▶ _What to do_
Word for word, please restate the line that contains "Wake Up Flow - Oversize Hoodie" and all lines after it through the end of the material, minus the pictures.

# # # #

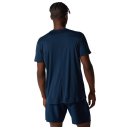 KOSZULKA ASICS CORE TOP MEN FRENCH BLUE/BRILLIANT WHITE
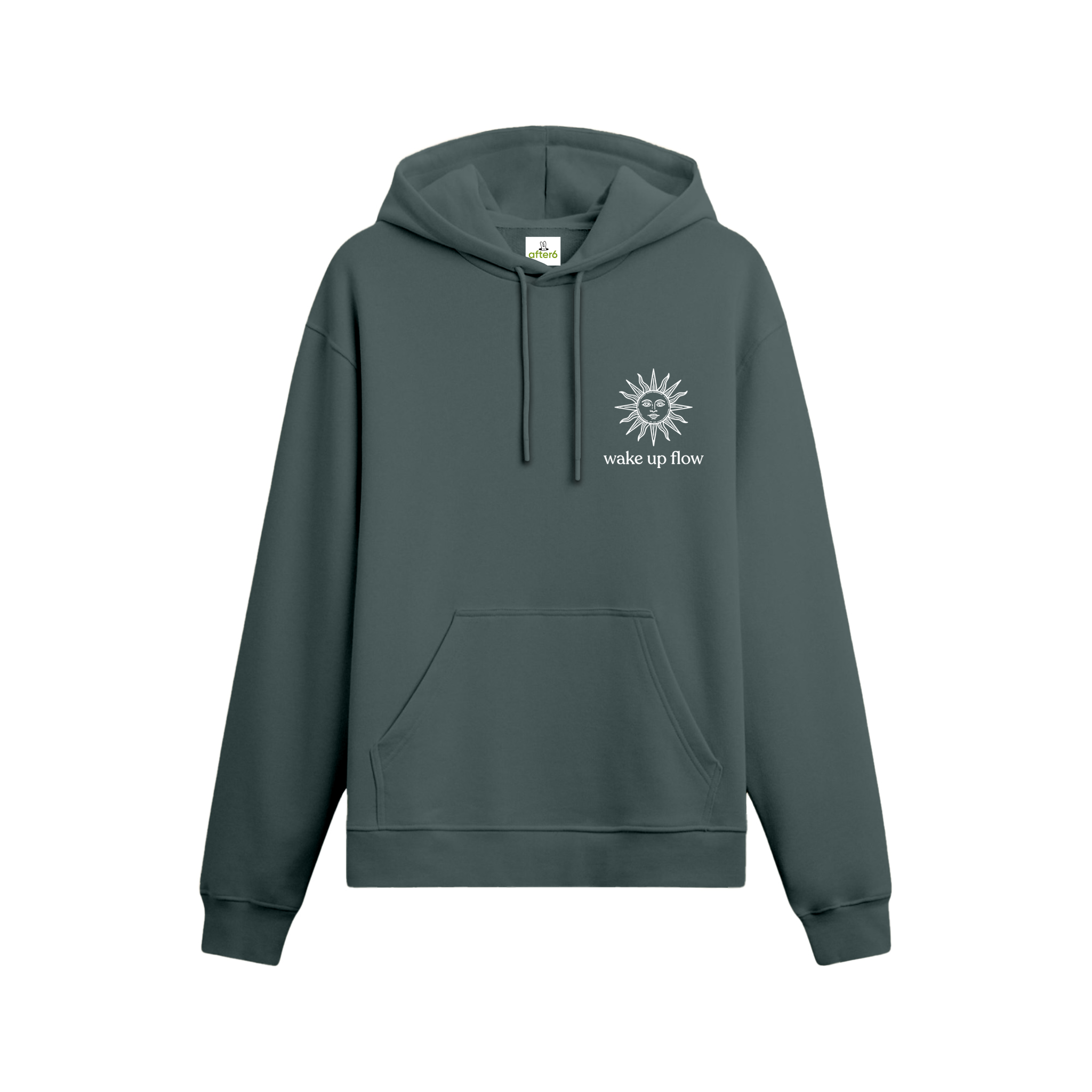Wake Up Flow - Oversize Hoodie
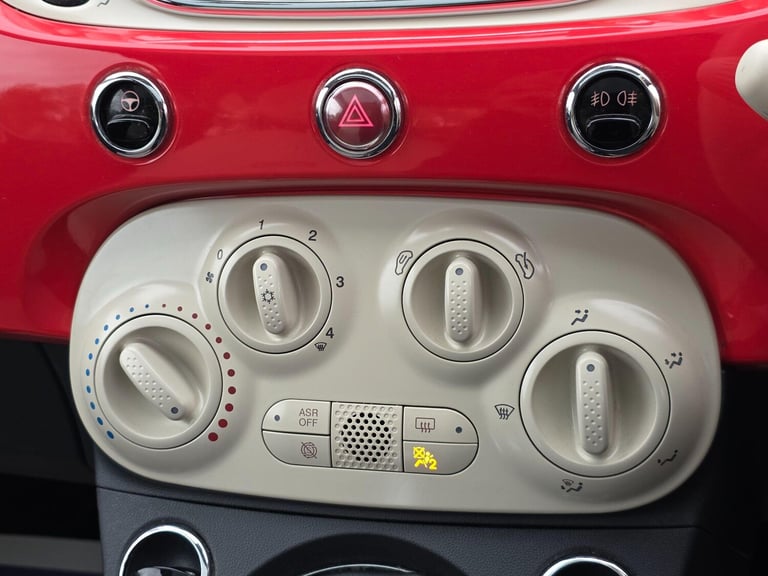 2015 Fiat 500 1.2 Lounge 3dr HATCHBACK PETROL Manual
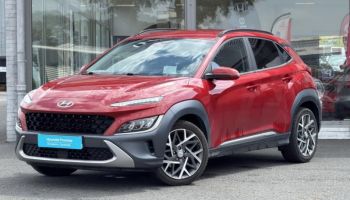 57200 : Hyundai Sarreguemines - Theobald Automobiles - HYUNDAI Kona - Kona - Pulse Red Métal - Traction - Hybride : Essence/Electrique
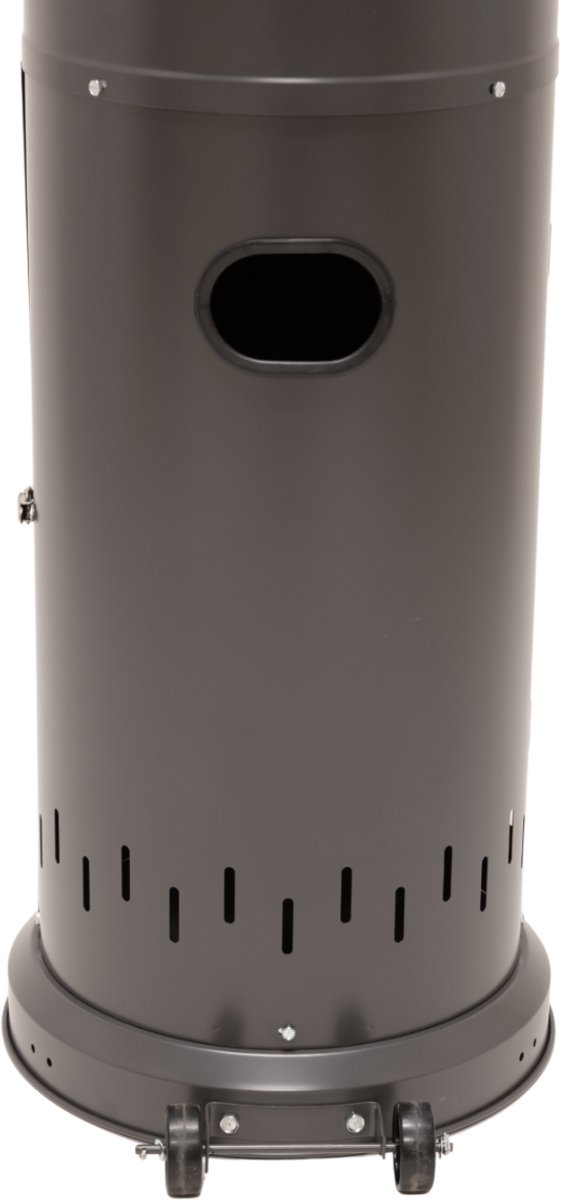 Sunred - Terrasverwarmer - Lounge Heater - Propus - Grijs - Staand model - 13000 W - Verschillende standen - Elektrische ontsteking - Gas heater - Compleet: incl. gasdrukregelaar & slang – foto 8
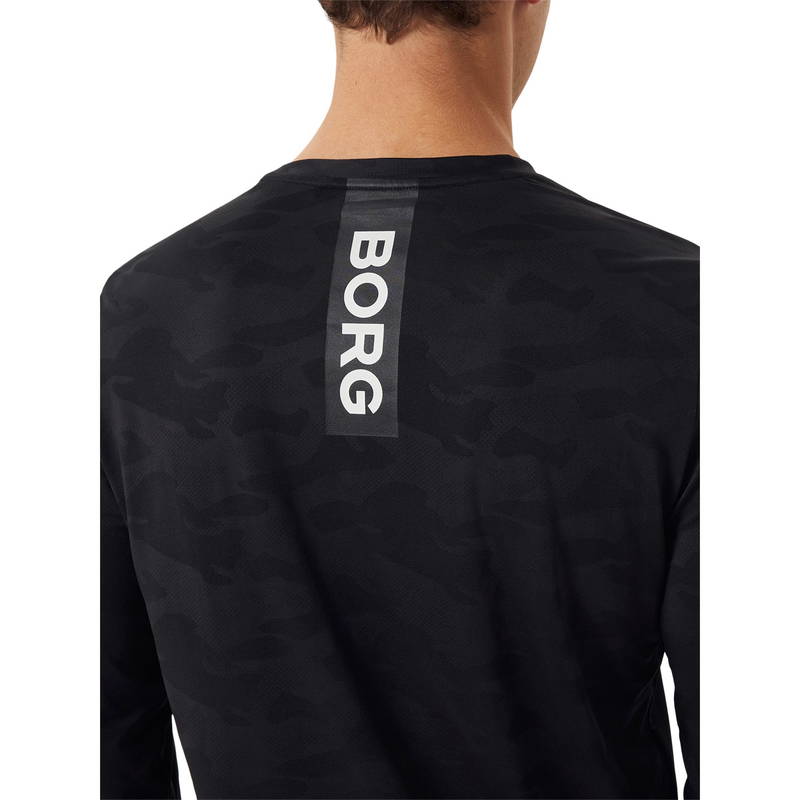 Björn Borg Performance Langærmet Tennis T-shirt Herre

# # # #

▶ _Reply to the task_
Wake Up Flow - Oversize Hoodie
 2015 Fiat 500 1.2 Lounge 3dr HATCHBACK PETROL Manual
 57200 : Hyundai Sarreguemines - Theobald Automobiles - HYUNDAI Kona - Kona - Pulse Red Métal - Traction - Hybride : Essence/Electrique
 Sunred - Terrasverwarmer - Lounge Heater - Propus - Grijs - Staand model - 13000 W - Verschillende standen - Elektrische ontsteking - Gas heater - Compleet: incl. gasdrukregelaar & slang – foto 8
 Björn Borg Performance Langærmet Tennis T-shirt Herre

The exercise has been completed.